### Work to be completed
Reproduce the entire listing exactly. Leave the pictures out.

===== Provided records =====

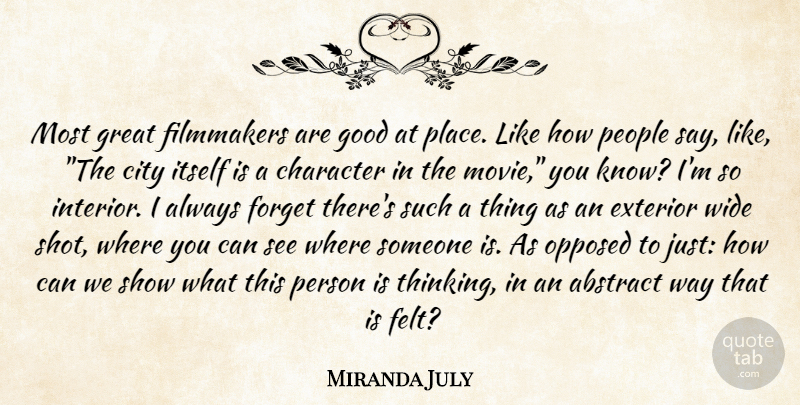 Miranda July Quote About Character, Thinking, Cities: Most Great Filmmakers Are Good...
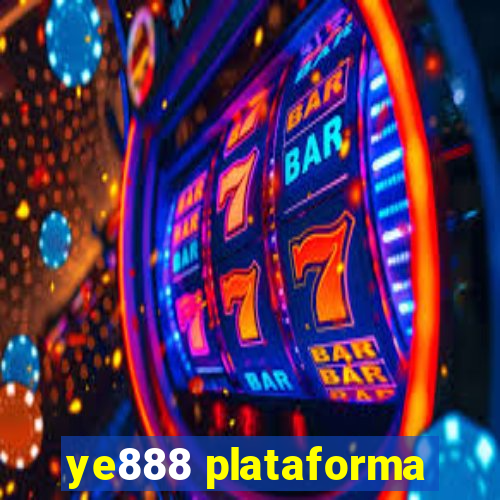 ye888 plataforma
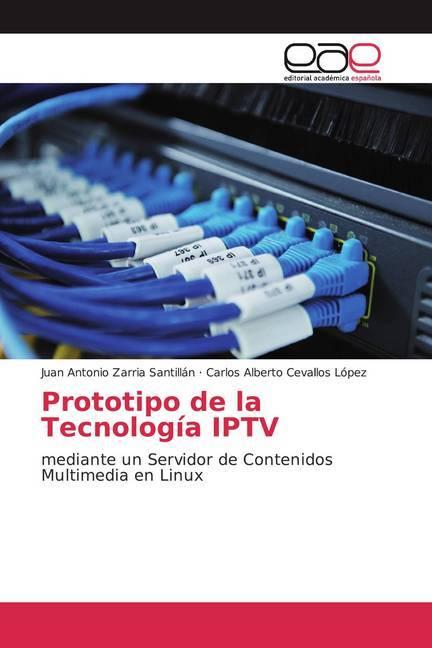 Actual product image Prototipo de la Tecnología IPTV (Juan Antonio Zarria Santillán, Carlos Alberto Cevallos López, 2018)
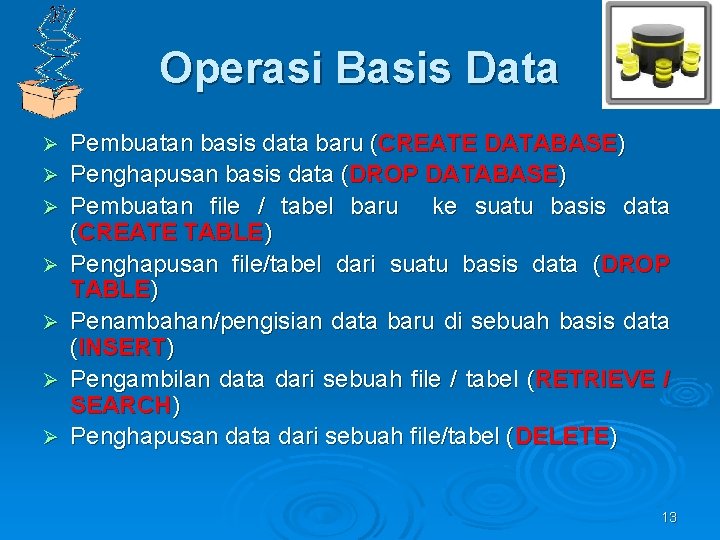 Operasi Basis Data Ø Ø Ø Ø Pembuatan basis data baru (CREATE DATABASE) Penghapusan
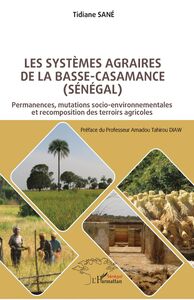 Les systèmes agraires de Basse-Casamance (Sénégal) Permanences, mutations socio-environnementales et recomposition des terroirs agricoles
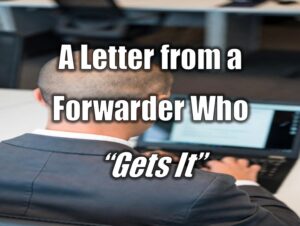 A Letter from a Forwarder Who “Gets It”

=====

### Exercise result
 Miranda July Quote About Character, Thinking, Cities: Most Great Filmmakers Are Good...
 ye888 plataforma
 Actual product image Prototipo de la Tecnología IPTV (Juan Antonio Zarria Santillán, Carlos Alberto Cevallos López, 2018)
 Operasi Basis Data Ø Ø Ø Ø Pembuatan basis data baru (CREATE DATABASE) Penghapusan
 Les systèmes agraires de Basse-Casamance (Sénégal) Permanences, mutations socio-environnementales et recomposition des terroirs agricoles
 A Letter from a Forwarder Who “Gets It”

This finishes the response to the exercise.